We also have bears and moose, neither of which you want a close encounter with. We saw moose at a distance from the safety of our vehicle in Harriman State Park and we were warned of possible bear sightings at Henrys Lake. Thankfully, we did not encounter any.
The Idaho Department of Parks and Rec website is a great place to research each park. If you have a question about a park that you cannot find online, don’t hesitate to reach out to the park directly. The park rangers are very friendly and passionate about their parks. Asking what their favorite thing to do in the park is a good way to learn something new.
Jake Davis, a park ranger at Dworshak State Park, shared all kinds of useful information with me including the following:
“Certainly though, the most unique thing about this park is the dramatic water level fluctuation. Full pool is 1600’ and minimum pool is about 1450’. I don’t believe there is any other water body in Idaho that experiences fluctuations of this magnitude.”
Who knows what else you may learn by reaching out to the park? Give it a shot and see.
To be fair, not everything you will see in Idaho will be amazing. There will be times when you understand exactly why early immigrants moved right on through to get to Oregon. It’s okay to not love every park you visit. And not everything we experienced was all sunshine and roses. Just like any trip, things went wrong. A hotel lost our reservation one night and we had to scramble to find a place to stay (they still charged me as well so I had to deal with that after we got home). Google maps took us down a cow trail instead of a road and what should have been a 10-15 minute drive took us about an hour. A wind storm and wildfire caused us a whole heap of trouble and anxiety at two different parks.

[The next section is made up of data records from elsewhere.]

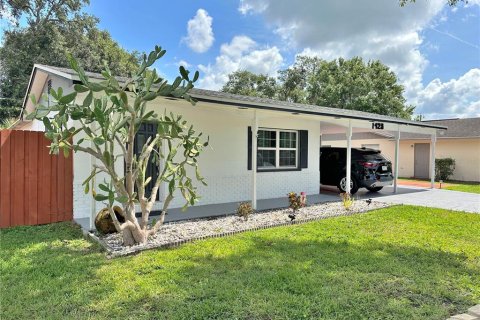 Casa en venta en Lakeland, Florida, 3 dormitorios, 142.7 m2 № 1799767 - foto 3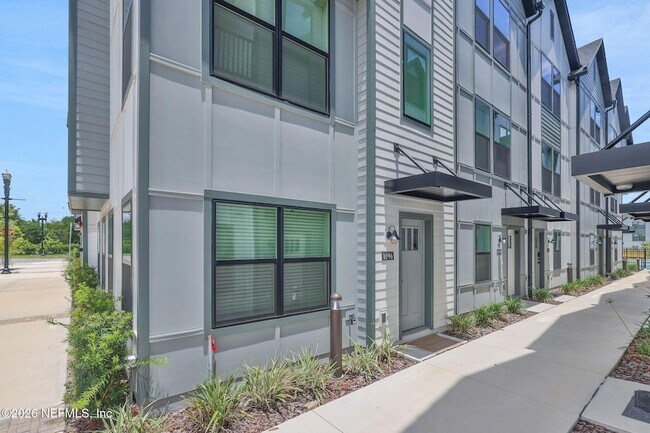 Building Photo - 1096 Farwell St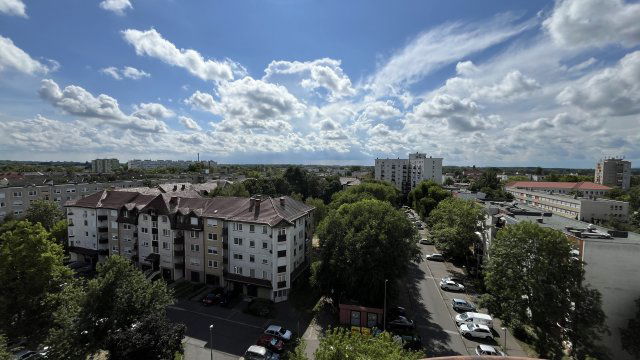 Eladó panellakás, Nyíregyházán 42 M Ft, 3 szobás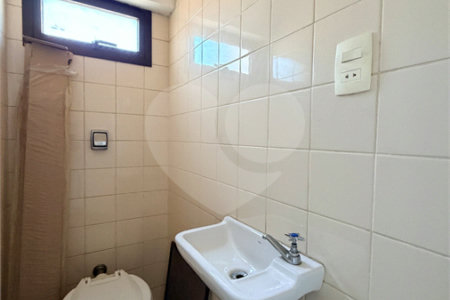 Apartamento à venda com 3 quartos, sendo 1 suíte, em Alto da Boa Vista, São Paulo, SP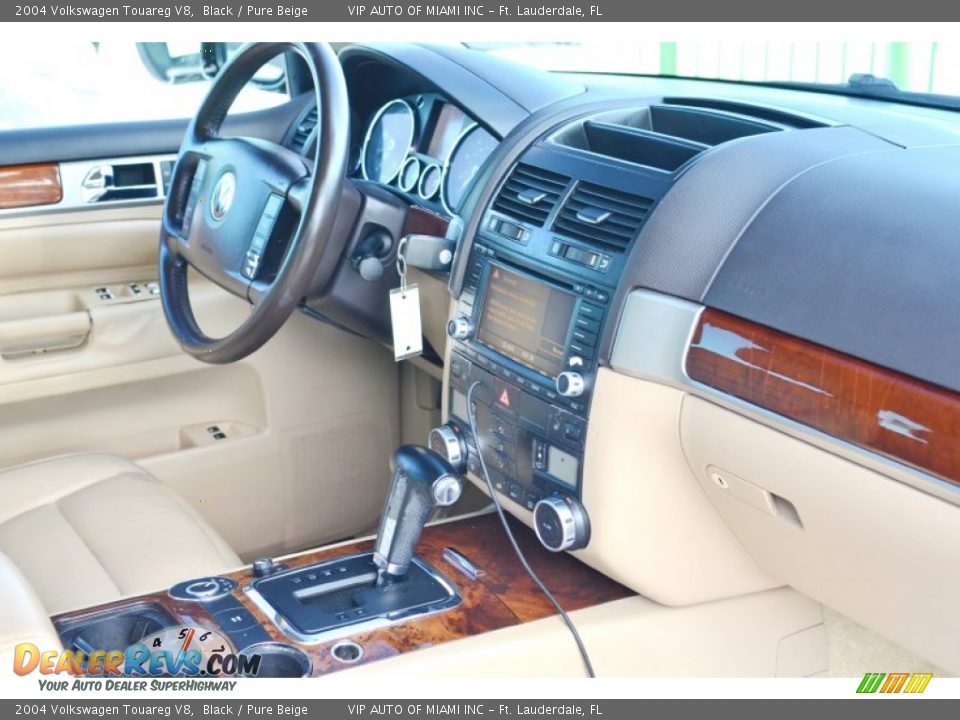 2004 Volkswagen Touareg V8 Black / Pure Beige Photo #18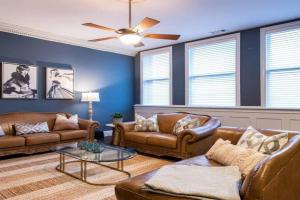 Downtown Sophistication/ Two Bedroom / Two Bath, Louisville
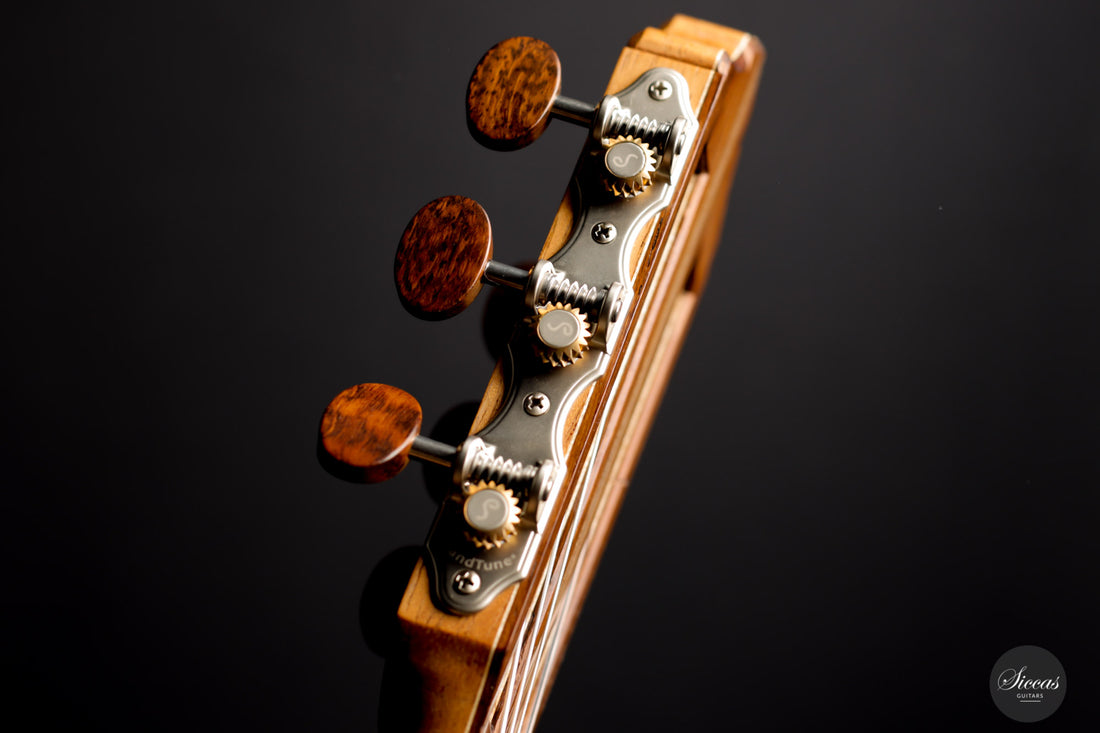 Mijail Kharash - 2021 64cm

However, all of the setbacks were worth the trouble when I think back to riding horses in historic Harriman, looking down at the Oregon trail wagon ruts near Thousand Springs, swimming in the turquoise blue waters of Bear Lake and riding a tandem bike on the Trail of the Coeur d’Alenes. Idaho made 2020 not just bearable, but a wonderful experience.
If you are looking for a new challenge or goal or you just want some new insight into the 43rd state, I recommend the Idaho State Parks Challenge.